Dealing with hard problems:

Computational problems can be categorized according to the complexity of the problem. In the course we will define the two classes P and NP. Problems in the class P can be solved efficiently, whereas we have no efficient algorithms for solving NP-hard problems. Many natural problems are NP-hard. In order to deal with them we need will look at how to find non-optimal or approximative solutions. This can often be done efficiently, and the course will present some approximation algorithms for NP-hard problems. We will also look at how to show that a problem is NP-hard.

RAM algorithms:

Data in a computer is represented as words of bits. The computer deals with all bits in a word in parallel. This fact can be used when designing algorithms, to get more efficient algorithms. RAM stands for Random Access Machine, and when we talk about RAM algorithms we mean that we use the fact that the computer works in parallel on a whole word and that words of data and words of addresses is the same, i.e. we can manipulate addresses in the same way as we can manipulate data. We will look at algorithms that uses this more realistic model of the computer to improve efficiency. See the schedule above for more details.

Literature

Selected chapters from Introduction to Algorithms, Cormen, Leiserson, Rivest, and Stein, research papers, course notes and handouts.

Course goal

The goal with this course is to make you comfortable with both theoretical and practical challenging problems in the area of algorithms and data structures.
You should be able to read and apply recent research techniques in the field.
An overall goal is that students get a sufficient knowledge to be able to independently address algorithmic research questions after the course, e.g. as a thesis project.

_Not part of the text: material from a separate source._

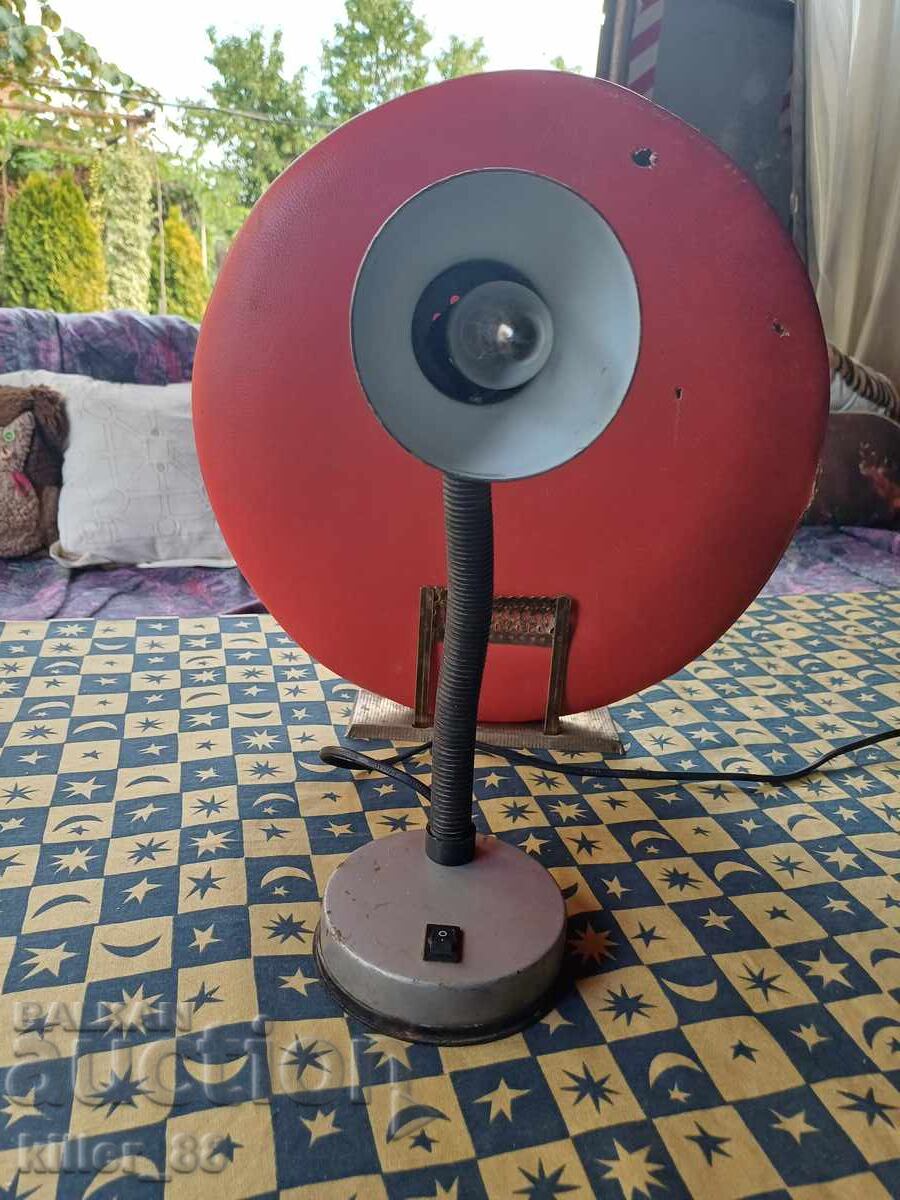 Παλιό μεταλλικό λειτουργικό λαμπτήρα με τιμή 25.00 BGN | € 12.78 Παλιό μεταλλικό λειτουργικό λαμπτήρα με τιμή 25.00 BGN | € 12.78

After the course the student should be able to:

Describe the difference between and meaning of different models of computation.

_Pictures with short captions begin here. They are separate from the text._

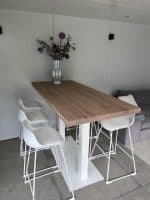 Eikenhouten statafel Maas met stalen onderstel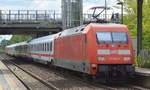 Ein Tandem-IC mit vorne 120 120-1 und hintendran 101 016-4 am 06.07.17 Durchfahrt Bf. Berlin-Hohenschönhausen.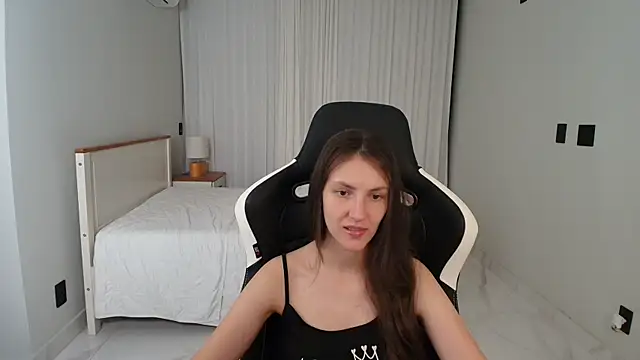 Snapshot of upssnowy chatting on 28, 7, 2026 upssnowy online show from 28, 7, 2026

Show that a problem is NP-hard.

Apply the algorithms and data structures presented in the course, when designing a program.

Read and point out the most important ideas in an algorithmic research paper.

Efficiently solve challenging programming tasks, by applying algorithmic research results.

Prerequisites

The students should be familiar with basic algorithms, data structures and time and space analysis of algorithms. In particular the students should know and understand lists, queues, stacks, search trees, hashing, sorting algorithms, basic graph algorithms, Big-oh and Omega notation, amortized analysis, and dynamic programming.

This can be aquired by following the course Introduction to algorithms and data structures at ITU or a similar course at another university.

Course format

Lectures and exercise sessions.

Mandatory hand-ins every week. The last hand-in counts as the exam.

Note that this course is only offered in fall semesters.

Mandatory hand-ins

Mandatory hand-ins every week, graded A (pass) or B (not pass). 8 out of 10 should have the grade A, and the last (11th) hand-in has to be graded A (pass).

Examination

Internal examiner, Pass/fail, C1: Written work without oral exam.
Mandatory hand-ins every week, graded A (pass) or B (not pass). 8 out of 10 should have the grade A, and the last (11th) hand-in has to be graded A (pass).

Lecturers

Anna Pagh
Office: 3C.11
Email: annao@itu.dk

Philip Bille
Office: 3C.
Email: beetle@itu.dk

S. Srinivasa Rao
Office: 3C.04
Email: ssrao@itu.dk

Date	Time	Subject	Literature	Exercises / hand-ins	Place
Aug. 29	9.00-12.00	Introduction. Exact string matching.	CLRS Chap. 32 slides	Hand out	4A14
Sept. 5	9-12, 13-16	Text indexing, tries, suffix trees.	Copies from Gusfield slides	Hand out	4A14
Sept. 12	9-12, 13-16	Approximate string Matching, dynamic programming, four russians technique.	Copies from Gusfield slides	Hand out	4A14
Sept. 19	9-12, 13-16	Finite automata, regular expression matching.	Copies from Sipser slides	Hand out	4A14
Sept. 26	9-12, 13-16	Dealing with hard problems: Introduction(slides), Polynomial time reductions, Definition of NP and efficent certification.	Copies from KT, pages 451-466.	Hand out	4A14
Oct. 3	9-12, 13-16	Dealing with hard problems: NP Completeness	Copies from KT, pages 466-473. CLRS Chapter 34.	Hand out	4A14
Oct. 10	9-12, 13-16	Dealing with hard problems: Approximation algorithms.	CLRS Chapter 35. Copies from Ausiello et al. A compendium of NP optimization problems	Hand out	4A14
Oct. 17		Fall Break. No teaching.
Oct. 24	9-12, 13-16	Dealing with hard problems: Approximation algorithms. Introduction to RAM algorithms. .	Copies of Chapter 3 in Ausiello et al., Slides.	Hand out	4A14
Oct. 31	9-12, 13-16	Predecessor problem, van Emde Boas priority queues		Hand out	4A14
Nov. 7	9-12, 13-16	RAM algorithms. (1 1/2 hour). Guest lecture by Henrik Reif Andersen. (1 1/2 hour)	Intro to BBDs The first 3 sections (8 pages) are suggested reading.	Hand out	4A14
Nov. 14	9-12, 13-16	RAM algorithms		Hand out	4A14
Nov. 21	9-12, 13-16	RAM algorithms			4A14